Portland Opera transforms into a summer festival

The venerable Portland institution will turn itself into a festival in 2016, and some questions arise.

After many months of hints, negotiations, and planning, Portland Opera’s announced what might be the boldest gamble in its half-century history: It’s transforming itself into a summer festival company. (Our friend David Stabler has the story on OregonLive.) The current season, which delays its opening until November 7 with the return of the popular operetta Die Fledermaus, begins the seasonal scrunch: Carmen runs in February, and the rest of the productions – Show Boat, The Rake’s Progress, The Elixir of Love – are clustered between May and July.

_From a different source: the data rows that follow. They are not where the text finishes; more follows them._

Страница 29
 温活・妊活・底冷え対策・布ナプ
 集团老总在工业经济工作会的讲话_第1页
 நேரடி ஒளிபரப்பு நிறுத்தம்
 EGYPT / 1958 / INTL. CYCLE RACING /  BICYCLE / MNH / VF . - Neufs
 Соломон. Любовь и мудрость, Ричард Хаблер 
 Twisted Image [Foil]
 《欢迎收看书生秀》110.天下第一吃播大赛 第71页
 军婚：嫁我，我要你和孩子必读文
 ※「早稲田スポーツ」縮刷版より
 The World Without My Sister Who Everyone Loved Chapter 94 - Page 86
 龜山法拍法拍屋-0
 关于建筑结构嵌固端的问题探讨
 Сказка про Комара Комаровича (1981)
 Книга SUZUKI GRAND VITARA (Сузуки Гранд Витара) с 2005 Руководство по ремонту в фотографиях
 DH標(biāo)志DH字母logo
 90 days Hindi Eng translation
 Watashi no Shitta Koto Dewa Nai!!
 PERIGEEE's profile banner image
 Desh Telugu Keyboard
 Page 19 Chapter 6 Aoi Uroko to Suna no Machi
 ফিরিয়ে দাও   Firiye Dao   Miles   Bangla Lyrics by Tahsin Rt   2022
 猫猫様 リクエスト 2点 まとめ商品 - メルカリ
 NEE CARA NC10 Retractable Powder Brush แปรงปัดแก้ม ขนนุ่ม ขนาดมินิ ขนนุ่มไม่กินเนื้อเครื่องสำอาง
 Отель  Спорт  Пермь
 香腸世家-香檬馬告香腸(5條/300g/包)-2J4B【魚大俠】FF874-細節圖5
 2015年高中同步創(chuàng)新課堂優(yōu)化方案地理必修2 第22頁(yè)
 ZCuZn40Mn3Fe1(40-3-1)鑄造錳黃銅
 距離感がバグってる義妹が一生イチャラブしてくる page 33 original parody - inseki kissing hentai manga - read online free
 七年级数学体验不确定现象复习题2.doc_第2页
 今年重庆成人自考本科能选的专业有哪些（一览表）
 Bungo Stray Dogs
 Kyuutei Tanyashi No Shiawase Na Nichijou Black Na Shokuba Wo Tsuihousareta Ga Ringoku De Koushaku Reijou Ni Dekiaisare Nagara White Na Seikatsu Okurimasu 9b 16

The 2016 season amps up the seasonal action, dropping back down to four productions and squeezing them into the summer months: two shows in the 3,000-seat Keller Auditorium, two in the much more intimate, 900-seat Newmark Theatre. The Newmark has already proven to be a popular venue for the company, and is valuable in several ways. It costs less than the Keller, so the company can be more adventurous in its programming. It doesn’t demand giant voices, so casting becomes easier. It provides excellent opportunities for the company’s flourishing resident artist program of younger singers. And audiences just like the intimacy of the Newmark, especially compared to the Keller, which general director Christopher Mattaliano described to Stabler as “an airport hangar.”

Pop the Champagne: Die Fledermaus is opening soon, and Portland Opera's celebrating more than that.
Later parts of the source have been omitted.